The Daily BarbieTM

Barbie is a registered trademark of Mattel, Inc.

Barbie Nation: An Unauthorized Tour
To Air on PBS Week of July 14

Journalist Susan Stern's balanced, witty documentary Barbie Nation: An Unauthorized Tour briefly flashes one of artist Mark Napier's images, "Fat and Ugly Barbie" and mentions Mattel's recent wave of cease-and-desist type letters to web sites and other entities using the Barbie name.

The movie will be shown on the PBS documentary series P.O.V. on the week of July 14 (check local listings).

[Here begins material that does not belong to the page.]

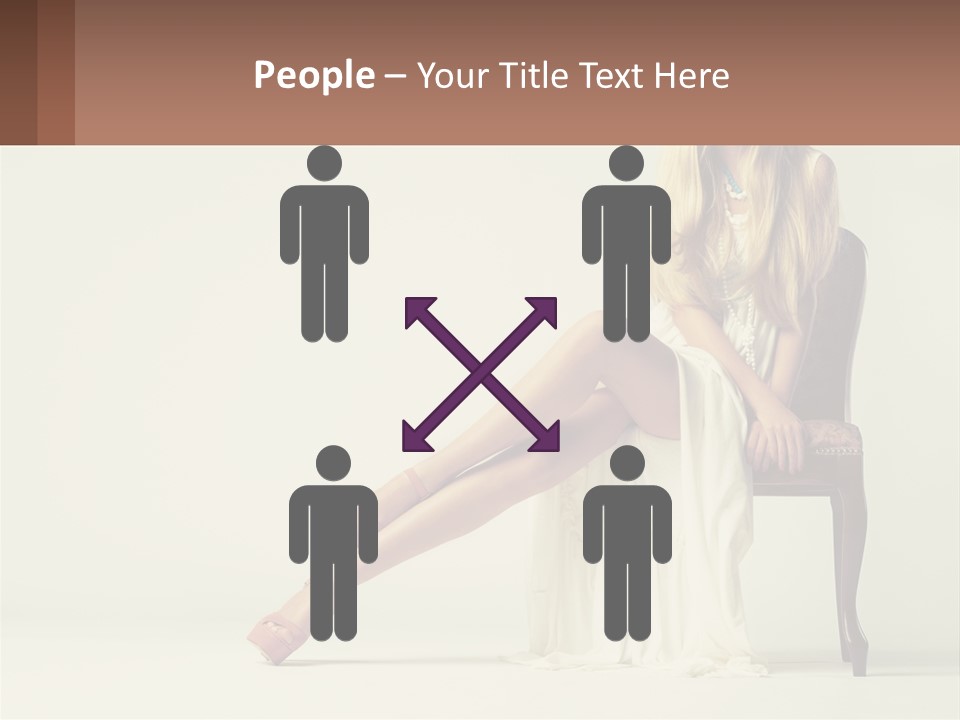 A Woman Sitting On A Chair With Her Legs Crossed PowerPoint Template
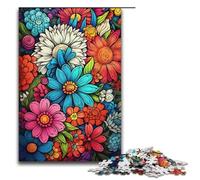 1000 Puzzle A Sea of Colorful Flowers Wooden Children's Puzzle Family Parent-child Interaction 1000 PCS(38x26cm)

Won the Battle, Lost the War?

I am told by one of my lawyers that Mattel's failure to respond thus far after over six months to my letter responding to their original letter to me, constitutes a near-defaulting on their original accusation, by the principle of laches (hope I spelled that right). If so, huzzah, huzzah! We have (all but) won! Still, it cost me a good six weeks of productive time in the late fall of '97, and - worse yet - numerous legitimate creative sites with utterly defensible legal positions preemptively folded in the face of Mattel's deep pockets and bullying legal approach.

I am concerned that this imbalance will give heart to other corporate entities eager to limit free discussion of their intellectual property or wares.

My next step at this site will be to organize the links to the various documents and resources contained here, continue to field the ever-increasing flow of Barbie items, and report on breaking corporate-censorship news.


Mark Napier's website, The Distorted Barbie explores the Barbie image and its effect on girls and on society in general. A lawyer representing Mattel has demanded that he remove the site. Soon, I too received a letter from this lawyer, regarding Enterzone, an e-zine I co-founded, which had published an earlier version of Mark's Barbie installation in its episode 7, back in June of 1996. The letter cited 15 U.S.C. section 1125(c) and asserted that this artistic, political, noncommercial discussion of the effects on our culture, and particularly on women and their images of themselves, of a vastly successful mass-produced doll embodying an improbably unlikely and restrictive caricature of a narrow concept of female beauty, somehow dilutes Mattel's Barbie trademark.

I've decided to alert the community of people who believe in free expression of ideas on the Net and who favor an open discussion of issues related to women, by documenting the daily proceedings of the case at this site.